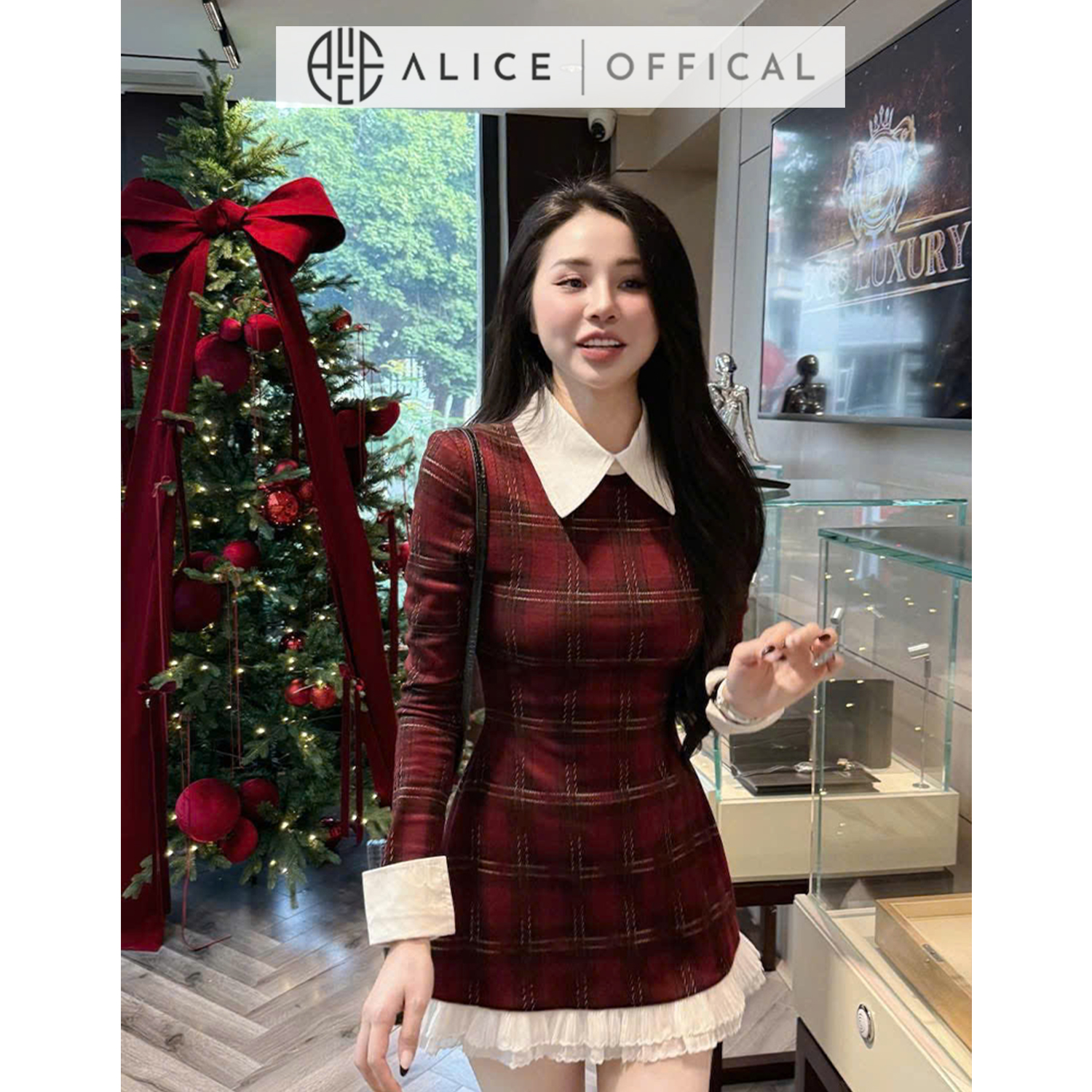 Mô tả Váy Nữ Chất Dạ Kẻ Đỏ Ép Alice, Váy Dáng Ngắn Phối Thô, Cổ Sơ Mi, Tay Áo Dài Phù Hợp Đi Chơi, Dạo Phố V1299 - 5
---
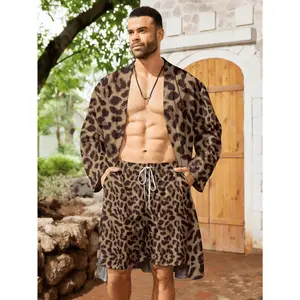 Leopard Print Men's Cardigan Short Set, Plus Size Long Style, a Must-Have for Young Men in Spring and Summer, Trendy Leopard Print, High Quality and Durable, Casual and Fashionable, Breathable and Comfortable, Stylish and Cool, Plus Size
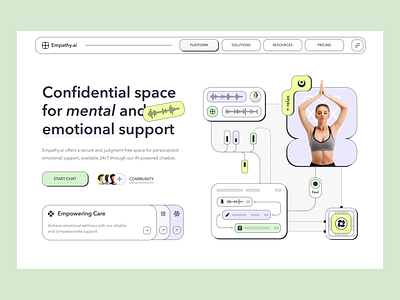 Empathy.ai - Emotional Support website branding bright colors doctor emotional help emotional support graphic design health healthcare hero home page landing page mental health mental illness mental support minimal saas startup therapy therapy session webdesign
==
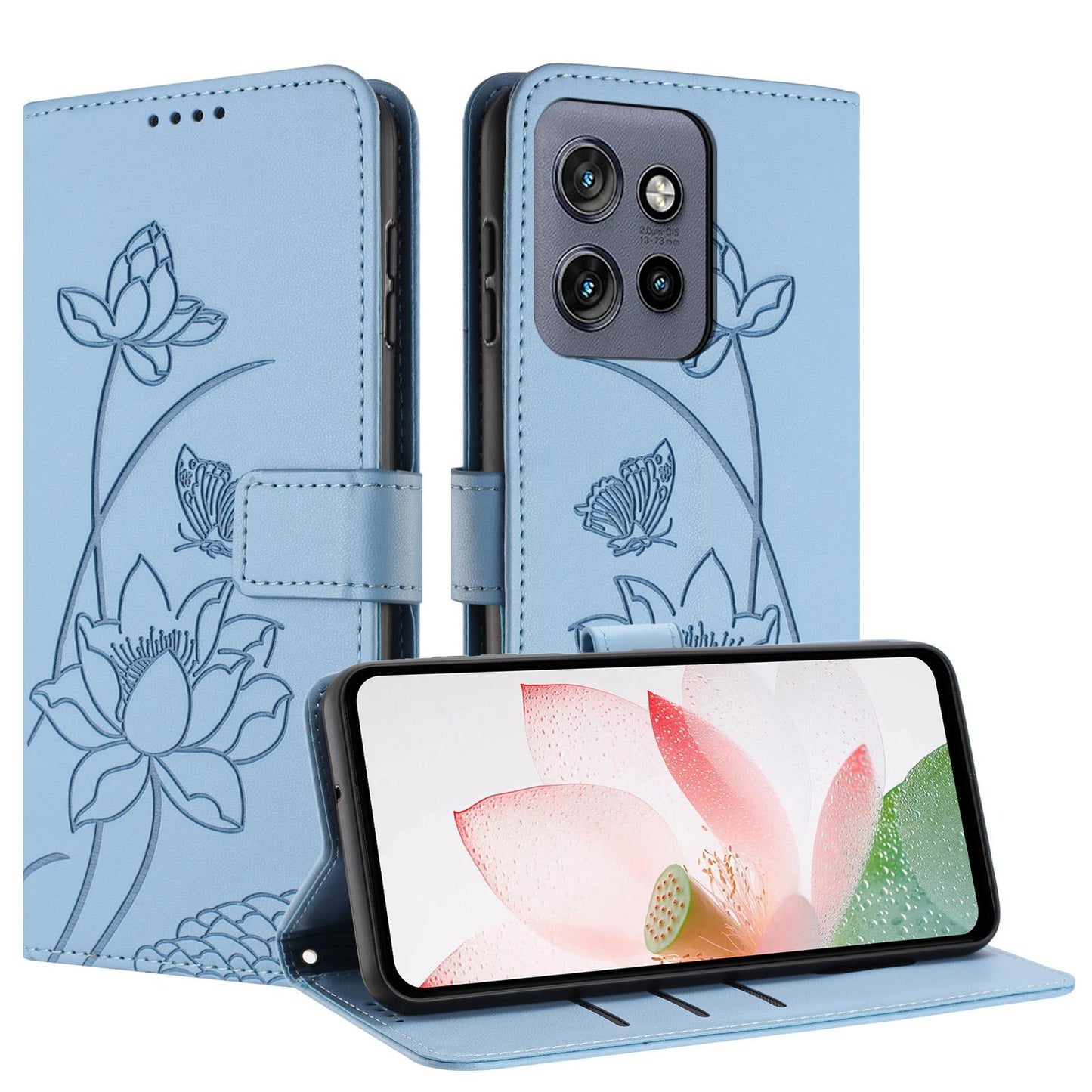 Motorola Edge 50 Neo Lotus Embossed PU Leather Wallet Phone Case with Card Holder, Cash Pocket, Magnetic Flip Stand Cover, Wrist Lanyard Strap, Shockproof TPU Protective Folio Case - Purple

**What is required:** Copy exactly the material above from the line with "Leopard Print Men's" to the line with "Empathy.ai - Emotional", ends included, and nothing else. Leave out any picture.

**Exercise solution:**
 Leopard Print Men's Cardigan Short Set, Plus Size Long Style, a Must-Have for Young Men in Spring and Summer, Trendy Leopard Print, High Quality and Durable, Casual and Fashionable, Breathable and Comfortable, Stylish and Cool, Plus Size
 Empathy.ai - Emotional Support website branding bright colors doctor emotional help emotional support graphic design health healthcare hero home page landing page mental health mental illness mental support minimal saas startup therapy therapy session webdesign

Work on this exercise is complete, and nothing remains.